A certificate of deposit (CD) is a low-risk, timed deposit account, meaning that you deposit money into it and you cannot touch it until a certain date. CDs have a minimum investment requirement – which varies by institution – and pay a fixed or variable rate of interest towards that amount. You can also buy CDs for a variety of time periods, from just a few months to five years or even more. Most people open CDs at their banks or credit unions, but you can also open a CD through a brokerage firm. 

There’s no risk of loss associated with opening a CD and it will earn interest, so you are virtually guaranteed to earn money. One of the drawbacks of CDs, however, is that they aren’t liquid. If you need to access your money before your CD matures, you can either withdraw it early or take a loan against it, but there are penalties that could take away from your initial investment. If you take out a loan against the CD, you will, of course, need to repay the loan with interest.
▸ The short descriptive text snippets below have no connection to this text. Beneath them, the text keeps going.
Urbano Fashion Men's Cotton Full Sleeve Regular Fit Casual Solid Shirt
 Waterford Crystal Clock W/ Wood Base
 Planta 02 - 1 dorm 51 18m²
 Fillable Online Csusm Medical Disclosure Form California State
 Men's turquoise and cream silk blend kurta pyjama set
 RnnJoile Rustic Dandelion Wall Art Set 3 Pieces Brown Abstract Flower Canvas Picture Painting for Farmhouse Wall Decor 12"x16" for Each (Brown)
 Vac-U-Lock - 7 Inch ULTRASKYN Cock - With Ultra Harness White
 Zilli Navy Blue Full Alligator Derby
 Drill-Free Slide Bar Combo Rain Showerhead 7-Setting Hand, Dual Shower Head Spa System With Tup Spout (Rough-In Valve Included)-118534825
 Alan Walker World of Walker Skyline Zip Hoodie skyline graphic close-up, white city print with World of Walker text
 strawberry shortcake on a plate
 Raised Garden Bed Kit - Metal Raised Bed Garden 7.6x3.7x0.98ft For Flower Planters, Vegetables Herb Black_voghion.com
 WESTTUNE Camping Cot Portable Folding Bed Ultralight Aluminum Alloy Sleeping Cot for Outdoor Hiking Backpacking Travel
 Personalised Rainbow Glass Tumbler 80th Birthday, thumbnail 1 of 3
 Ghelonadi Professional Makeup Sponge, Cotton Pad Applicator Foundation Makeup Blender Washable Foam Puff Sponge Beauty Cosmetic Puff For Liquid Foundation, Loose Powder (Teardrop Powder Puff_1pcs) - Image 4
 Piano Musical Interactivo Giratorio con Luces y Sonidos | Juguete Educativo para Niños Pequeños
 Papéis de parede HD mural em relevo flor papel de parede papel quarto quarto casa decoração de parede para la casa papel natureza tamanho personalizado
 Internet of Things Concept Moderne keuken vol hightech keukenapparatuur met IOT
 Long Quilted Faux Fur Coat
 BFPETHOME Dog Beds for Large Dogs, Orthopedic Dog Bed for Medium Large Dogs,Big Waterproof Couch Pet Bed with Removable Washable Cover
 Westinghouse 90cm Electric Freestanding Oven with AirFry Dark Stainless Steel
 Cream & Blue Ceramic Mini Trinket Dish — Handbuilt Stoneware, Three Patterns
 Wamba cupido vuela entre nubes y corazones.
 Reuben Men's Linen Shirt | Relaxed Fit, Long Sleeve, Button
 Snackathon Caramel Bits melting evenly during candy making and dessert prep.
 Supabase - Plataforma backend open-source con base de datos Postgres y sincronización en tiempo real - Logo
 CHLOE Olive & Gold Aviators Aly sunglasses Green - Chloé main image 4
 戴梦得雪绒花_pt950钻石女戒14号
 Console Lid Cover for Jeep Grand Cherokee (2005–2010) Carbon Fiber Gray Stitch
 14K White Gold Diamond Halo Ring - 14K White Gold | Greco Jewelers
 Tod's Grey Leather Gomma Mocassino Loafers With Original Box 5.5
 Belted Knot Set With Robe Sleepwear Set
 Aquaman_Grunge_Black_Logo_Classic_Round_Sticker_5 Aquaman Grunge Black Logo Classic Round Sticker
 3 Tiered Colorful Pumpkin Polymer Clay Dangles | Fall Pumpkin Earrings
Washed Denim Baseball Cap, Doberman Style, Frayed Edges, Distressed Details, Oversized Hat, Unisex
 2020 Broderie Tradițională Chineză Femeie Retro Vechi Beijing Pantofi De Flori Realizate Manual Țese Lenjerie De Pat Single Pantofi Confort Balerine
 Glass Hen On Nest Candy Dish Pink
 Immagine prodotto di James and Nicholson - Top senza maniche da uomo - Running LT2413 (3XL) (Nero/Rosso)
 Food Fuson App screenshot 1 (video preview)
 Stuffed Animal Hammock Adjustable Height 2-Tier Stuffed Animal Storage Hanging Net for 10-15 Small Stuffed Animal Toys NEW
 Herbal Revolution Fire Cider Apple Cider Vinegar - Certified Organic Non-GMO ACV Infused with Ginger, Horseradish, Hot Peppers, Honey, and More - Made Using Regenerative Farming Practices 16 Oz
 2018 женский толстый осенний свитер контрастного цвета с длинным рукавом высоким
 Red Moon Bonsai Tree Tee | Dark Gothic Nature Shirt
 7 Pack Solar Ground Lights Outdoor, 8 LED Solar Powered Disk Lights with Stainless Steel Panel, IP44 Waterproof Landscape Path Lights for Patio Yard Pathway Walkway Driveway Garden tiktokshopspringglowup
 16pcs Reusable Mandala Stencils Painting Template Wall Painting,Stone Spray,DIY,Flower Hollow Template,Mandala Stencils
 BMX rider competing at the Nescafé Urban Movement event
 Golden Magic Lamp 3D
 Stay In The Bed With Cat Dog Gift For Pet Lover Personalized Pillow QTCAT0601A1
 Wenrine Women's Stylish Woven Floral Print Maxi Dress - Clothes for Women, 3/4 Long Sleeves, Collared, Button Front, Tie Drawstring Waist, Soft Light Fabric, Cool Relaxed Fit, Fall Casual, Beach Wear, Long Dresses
What is a Money Market Account?

A money market account is an alternative to a savings account. But, instead of depositing however much you can spare like you would a normal savings account, with money market accounts require you to deposit more and maintain a higher balance overall. The biggest advantage of this is that a bank will give you a higher interest rate, which will get you more money in the long run. 

Additionally, money market accounts are relatively liquid, unlike a CD. You can write checks against your account, but the number of checks that you can write per month is limited to around six depending on the institution. If you exceed that number, your bank will switch your account over to a traditional checking account.

What are the Differences Between CDs and Money Market Accounts?

The biggest difference between a CD and a money market account is the liquidity factor. With a money market account, you can easily access money if you need it, and you can also add money. But, with a CD you can’t withdrawal or deposit funds into it (at least not without opening a new CD or incurring some penalties.)

Another difference is the interest rate associated with the two. CDs typically have a much higher interest rate than money market accounts. And while money market accounts have higher interest rates than normal savings accounts, they don’t come close to the interest rate of a CD. Institutions are much more comfortable giving high-interest rates to CDs because they are guaranteed to have your money for longer. 

Is a CD or Money Market Account Better?

Like most of these types of questions, it really depends on your financial situation and the goals you have for it. If you can afford to keep a sum of money tied up for a while, it may be worth considering opening a CD. But, if you’d like to save money, but also have access to it in case of an emergency, maybe a money market account is right for you.

Ultimately, finding out which one is better for your financial goals is up to you. If you need help finding out which one is right for you, we recommend speaking with a trusted financial advisor.